プレイヤーによる入力方法にも、黎明期には試行錯誤がなされている。展示されている『Football』(ATARI 1978年)もそのひとつ。トラックボールを使用した草創期のビデオゲームで、これが布石となりATARIから1980年に大ヒット作『ミサイルコマンド』が発売される。
ゲームは○×で描かれた選手の集団に、パネルの作戦からひとつを選んで指示を出し、ボールを持った点滅する選手を操作して、タッチダウンを狙うというもの。ふたり専用プレイで、オフェンス時、ディフェンス時とも4種類ずつの作戦があり、プレイヤーが互いにアメリカンフットボールのルールがわかっていれば、読み合いも楽しくプレイできる。
入力方法で言えば、『クレイジー・クライマー』(日本物産 1980年)はレバー2本で操作するタイトルだ。
取材日は休日だったこともあり、家族連れやローティーンの集団、自分と同じその道の好事家などさまざまな客層が来訪していた。父親にルールを教えられながら『クレイジークライマー』をプレイする小学校低学年くらいの子をしばらく見ていたが、最初はぎこちなくても、すぐに直感的に理解したようで、落下物を避ける姿に思わず「ガンバレ」と声も出た。
また、入力デバイスの一形態、十字ボタンの先駆として、ゲーム&ウオッチの『ドンキーコング』が(ボールといっしょに)展示されていたのも趣き深かった。
◆ギネスブックを彩ったビデオゲーム
ナムコの『パックマン』がいかに全世界でヒットし、とりわけアメリカで愛されたかは、いろいろな機会に知ることができるのでここでは省くが、“もっとも成功した業務用ビデオゲーム”としてギネスブック入りしていることをお伝えしておこう。「1980年の発売から7年間で29万3822台を販売したという実績が評価され」と資料にあるように、アーケードゲームとしては当時記録的な数を売っている。
◆固定画面とスクロールと
会場にはほかにも、『ドンキーコング』(任天堂 1981年)、『ディグダグ』(ナムコ 1982年)、『ニューラリーX』(ナムコ 1981年)、『スクランブル』(コナミ 1981年)、『ムーンパトロール』(アイレム 1982年)などのビデオゲームが並んでいた。前ふたつは画面固定ながら戦略を駆使してクリアーを目指すタイプのゲーム。
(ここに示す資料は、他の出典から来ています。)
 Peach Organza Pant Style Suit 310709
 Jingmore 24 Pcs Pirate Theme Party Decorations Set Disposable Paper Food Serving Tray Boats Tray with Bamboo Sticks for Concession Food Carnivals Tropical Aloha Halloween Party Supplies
後ろふたつはスクロールの概念を如実に表現しているビデオゲームで、とりわけ『ムーンパトロール』は地味ながら世界初の多重スクロール作品だ。残る『ニューラリーX』は、前身の『ラリーX』がビデオゲームにBGMサウンドを持ち込んだ初の作品と言われている。
「ゲームのおもしろさをより伝えるにはどんな表現をすればいい?」
画面の表示方式に始まり、筐体のスタイル、入力方法、そしてサウンドに至るまで、ありとあらゆる開発者が悩み抜いた答えが展覧会に居並らんでいる姿は(地味だが)壮観だ。
◆まとめの代わりに
ひととおり会場を巡ってから、企画者の映像ミュージアムディレクター澤柳英行氏と、広報担当の有城裕一郎氏に話をうかがった。
──今回の企画展を発想した経緯を教えてください。
澤柳英行氏(以下、澤柳) 私ども映像ミュージアムは、いままでもアニメやメディアアートなど、映像にちなんだ企画展を年に何度か開催しています。ところがゲームの展覧会を、じつはいままで一度も開催したことがなかったんですね。ですが、ビデオゲームは映像技術のいろいろな粋が集められている映像コンテンツですので、ビデオゲーム、デジタルゲームについてどこかのタイミングで本格的に扱った展覧会をやりたいとずっと構想を練っていたんです。それがたまたまいろいろな条件が重なり合い、今年実現できました。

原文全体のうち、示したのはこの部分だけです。